A pilot version of the survey was tested on 10 participants to evaluate survey length and language prior to deployment, with only minimal edits subsequently made in order to improve clarity. A link to the main survey was then posted on a publicly accessible Facebook forum (‘Wild Swimming–Scotland’) with 97,000 members, enabling participant sign-up for eligible participants. The survey was live from 6th July 2021 to 3rd August 2021 and in total 717 participants were recruited and completed the survey.

The survey asked questions of the open water swimming community with respect to their experience and background, and their views on the risks and benefits to health and the environment from open water swimming. Participants were asked to identify their preferred outdoor water environment for swimming, the frequency and type of swimming they participate in, and how long they usually swam on a typical occasion. Participants were also asked to identify what they thought were the benefits of open water swimming and how they perceived particular risks to health and the environment from their open water swimming activities. A range of different question styles were used in the survey, including five-point Likert scale questions, multiple-choice questions, and open-ended questions. The Likert scale was used for its simplicity and ability to measure a series of attitude-related propositions and to use non-parametric tests such as Chi-Square (cross-tabulation) for statistical analyses [23]. Please refer to supporting information for a copy of the survey used (S1 File).

Data analysis

Pearson’s Chi-Squared Test of Association was used to analyse the association between participants’ responses to different questions. Chi-square significance thresholds were set at P <0.05. Following on from Chi-square tests, Cramer’s Φ analysis (ΦC) was performed for any statistically significant associations to determine association strength. Thresholds of Φc for association strength were classified as: Very Strong >0.25, Strong >0.15, Moderate >0.10, Weak >0.05, Very weak >0 [24]. Minitab 18.0 software, Minitab Inc.; State College, PA, USA was used to determine the association between responses. For the open-ended / free-text questions, thematic analysis using a coding approach enabled the identification of key themes of interest.

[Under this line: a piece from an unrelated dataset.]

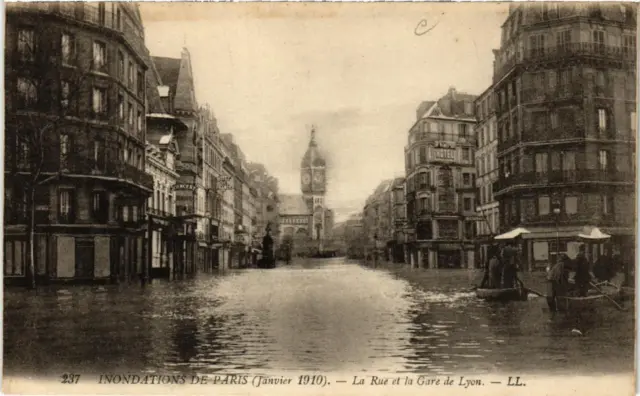 CPA AK PARIS La rue et la Gare de LYON INONDATIONS 1910 (605725)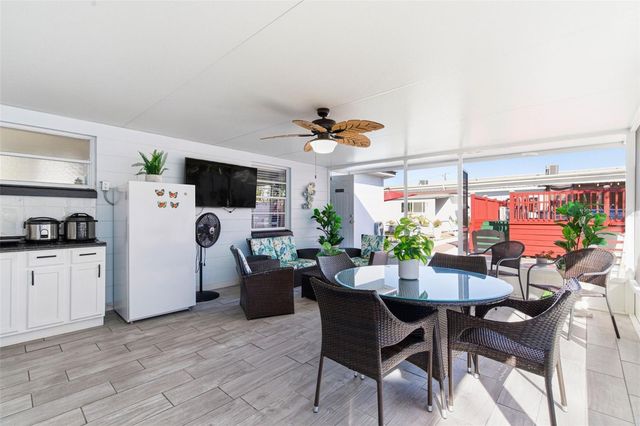 8907 N TAMPA STREET, Tampa, FL 33604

In total, 717 completed survey responses were received (see data availability statement). The sample was heavily skewed by female participation (92%), although a range of age-groups and socio-economic backgrounds were recorded among participants (Table 1). The city of Edinburgh, Scotland’s capital and second largest urban conurbation, accounted for the largest proportion of survey participants (13%); however, there was good spatial coverage across Scotland, with surveys completed by participants from 30 of the 32 regions of the country. With respect to the average distance travelled to participate in open water swimming, 29% of participants travelled up to 1 km and just over half (53%) typically travelled up to 5 km to reach a waterbody. Overall, 86% of participants travelled within 20 km to participate in their open water swimming activity, with only 14% stating that, on average, they travelled over 20 km. Most of those surveyed stated that lochs and lakes were their preferred water environment for wild swimming (50%), with 44% and 6% indicating the sea and rivers, respectively.

Table 1. Socio-demographic summary of survey participants.

Selecting from a choice of social interactions, physical health benefits and mental wellbeing benefits, there was a significant and strong association (P < 0.001; ΦC = 0.16) between participant age and their most important self-reported benefit associated with open water swimming. All but one of the age-groups perceived mental wellbeing benefits to be the most important benefit of open water swimming; in contrast, those aged over 65 identified benefits to physical wellbeing as being more important than mental wellbeing (Fig 1). Likewise, a significant, strong association between the most important self-reported benefit associated with open water swimming and of their typical swim style (e.g., goal-focused, quick dip, relaxing float, social swim) was identified (P < 0.001; Φc = 0.18). Mental wellbeing benefits ranked highest across all swim styles (Fig 2); however, the proportion of participants rating mental wellbeing as the most important benefit was lowest among those participating in goal-focused swims (i.e., swims linked to training targets) (53% relative to > 70% for all other swim classifications). By contrast, for goal-focused swims, the proportion of participants recognising physical benefits to be the most important outcome was much higher than for other swim categories (42%). There was no association between the respondent’s most important perceived benefit and a range of other categorical factors such as annual income, distance travelled to go open water swimming, time spent in the water during a typical swim, and frequency of participating in open water swimming (P > 0.05).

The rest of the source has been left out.